Hiçlikle yaşam kolay, ben hiçliği çok seviyorum, evde hiçlikle yaşıyorum, kiramı paylaşıyorum, hiçlikle ödüyorum, hem beslemesi de kolay; ama varlık öyle mi, çok yer kaplar ve hepsinden önemlisi de varlığı sürekli varlamak gerekiyor: Süreğen değil, darıldı mı gidiyor, ses çıkmıyor bir daha…

21-08-2020



[1] “Apaydınlık bir gün, arka planda tüm azâmet ve kudretiyle insanın özgüveninin ürünü taştan şehir, muazzam haşmetli bir kalyon, iri koyunları güden düşünceli bir çoban ve toplumun direği sabanının başında çift süren şuurlu bir çiftçi; suda belli belirsiz şıpırtı: kenos, göğe yükselen İsa'ya tezât İkarus suda!”

 

    “Hiç” üzerine metnime ilhâm veren Bruegel’in “İkarus’un Düşüşü” tablosu altına düştüğüm bu notlar, özellikle de bu doluluktaki boşluğu ifade eden “kenos” düşüncesi ile bağlantı okumak gerek bu satırları…

 

    Yazdıklarıma ilâveten ve bir düşüncenin nasıl ve nereden, hangi diyaloglardan geçerek, vesile olmasıyla kristalleştiğine tanıklık etme bâbından, bu tablonun altına kendi yorumunu yazan Çiğdem Dürüşken hanımla “kenos” anlayışına ilişkin yaklaşımlarımızın farklılığını da kontrast halinde göstermesi açısından, onu da burada alıntılayalım:

 

"Lethe’nin (Unutuş ırmağı) kopkoyu karanlığından içen zihinlerin ortak hastalığı bu; tam bir lethargus; tam bir amnesia; gerçeklikten kopuş, şuur kaybı, gaflet, uyuşma, hissizlik ve kendini unutma. Varoluş boşluğuna düşüp kaybolmuş!" ç.d.

(19-08-2020) https://twitter.com/dcigdem/status/1295827885299818499?s=20

 

 

Şüphesiz İkarus mitinin Platoncu “unutma ve hatırlama” (réminiscence) kuramına yön vermesi açısından, Dürüşken, “nazariyât” açısından haklı olabilir. Ama basitçe Bruegel’in tablosundan itibaren “İkarus”un anlamına getirdiği yorumun tabloyla hiçbir alakası yok: bir körleşme var sanki… Benim “aydınlık” dediğime o teorik olarak “karanlık” diyor, vb.

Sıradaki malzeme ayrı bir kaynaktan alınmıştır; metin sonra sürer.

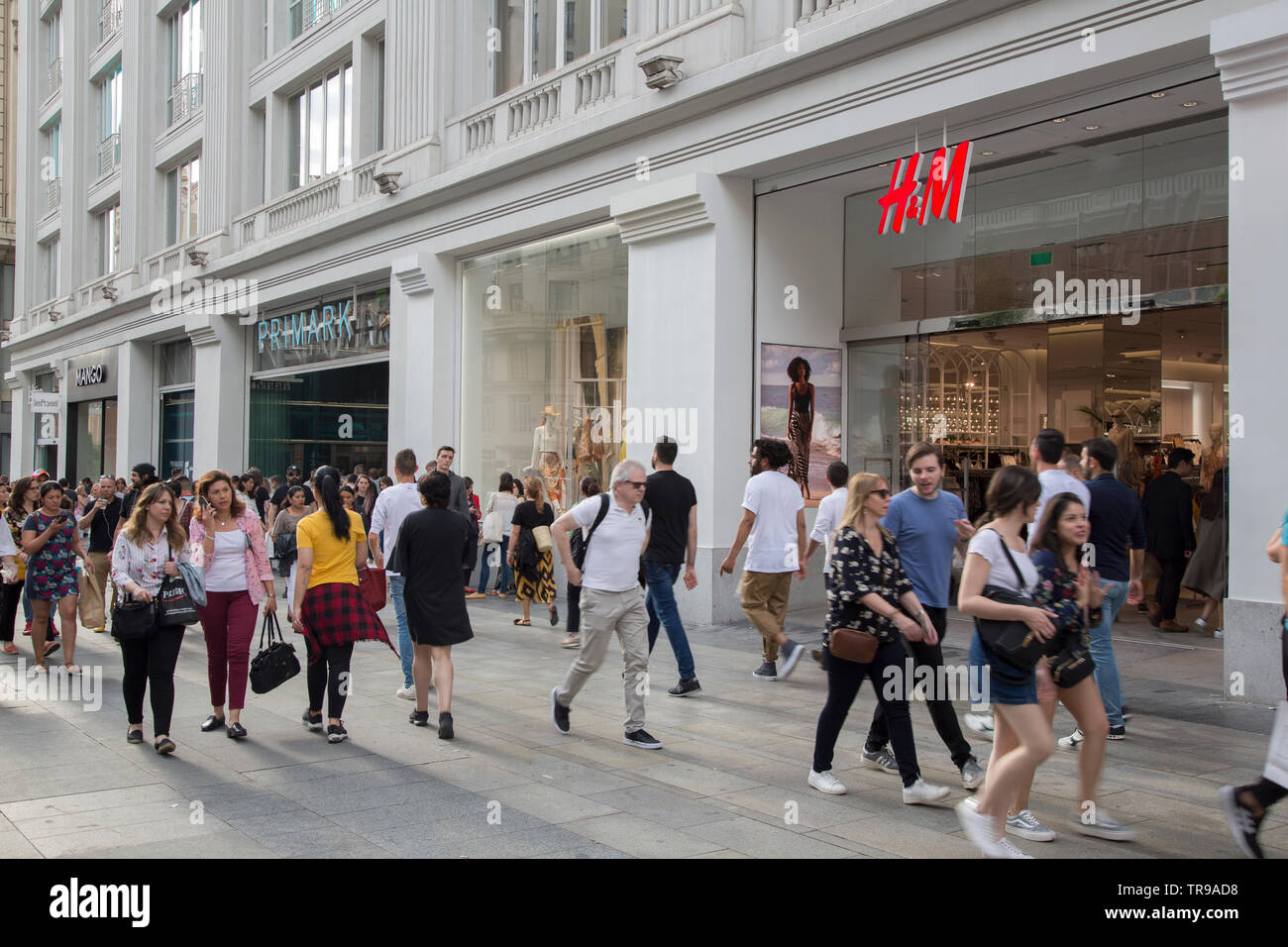 H&M and Primark Stores, Gran Via Street, Madrid; Spain Stock Photo - Alamy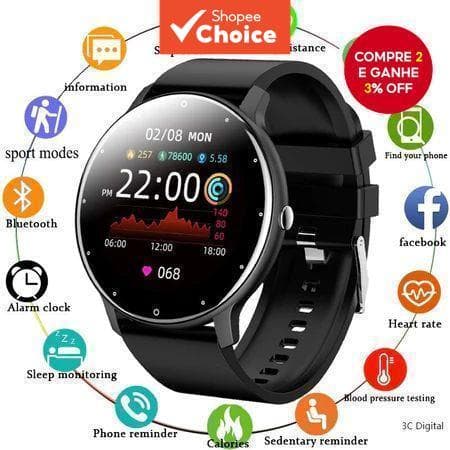 ZL02D Pro Smartwatch Bluetooth com Tela Touch Circular – Novidade 2026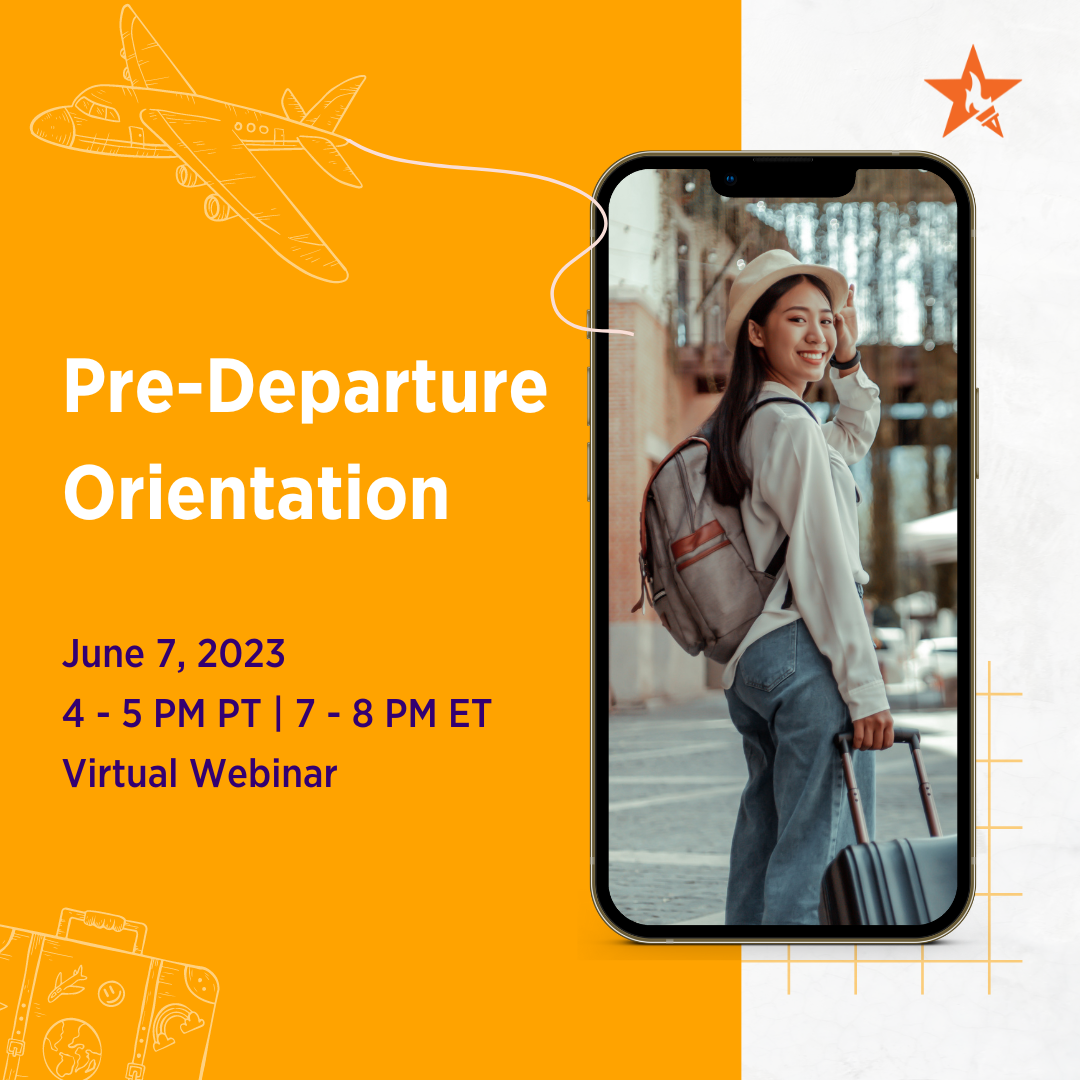 Girl with hat and backpack pulls a suitcase in front of the airport.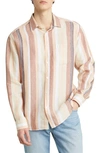 Nn07 Deon 5244 Stripe Linen Button-up Shirt In Coral Multi Stripe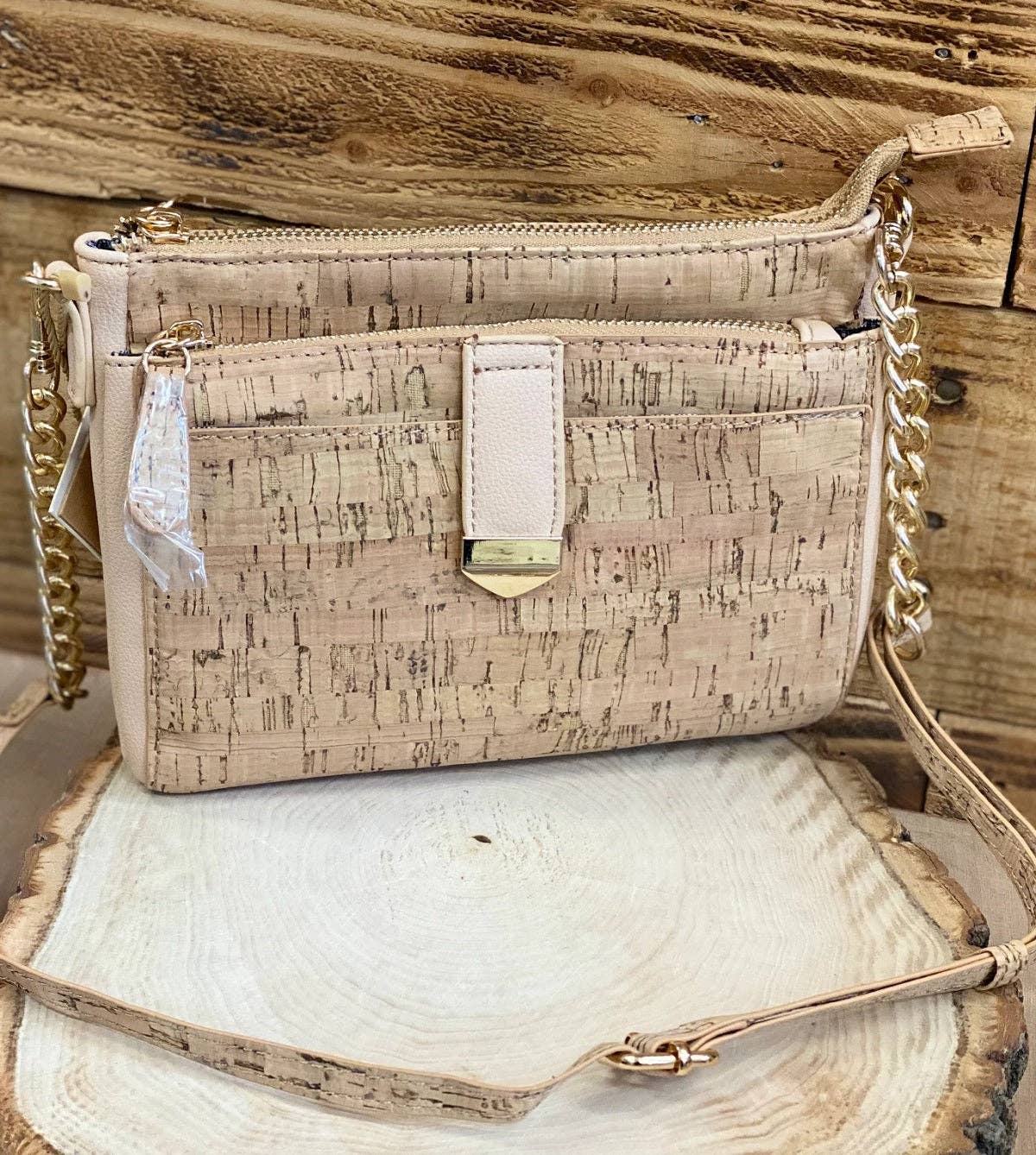 BGT15944 Cork Crossbody Bag: Peach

    Ayrıca ben metnime Phoenix, küllerinden doğan Zümrüdü Anka kuşu ve Moebius Şeridi bağlantısından, yani “aydınlık ve karanlığın” (hatırlama ve unutma, vb.) tek ve aynı şeyin aynı yüzü olduğu anti-platoncu (Herakleitos?) bir mesafeden devam ediyorum.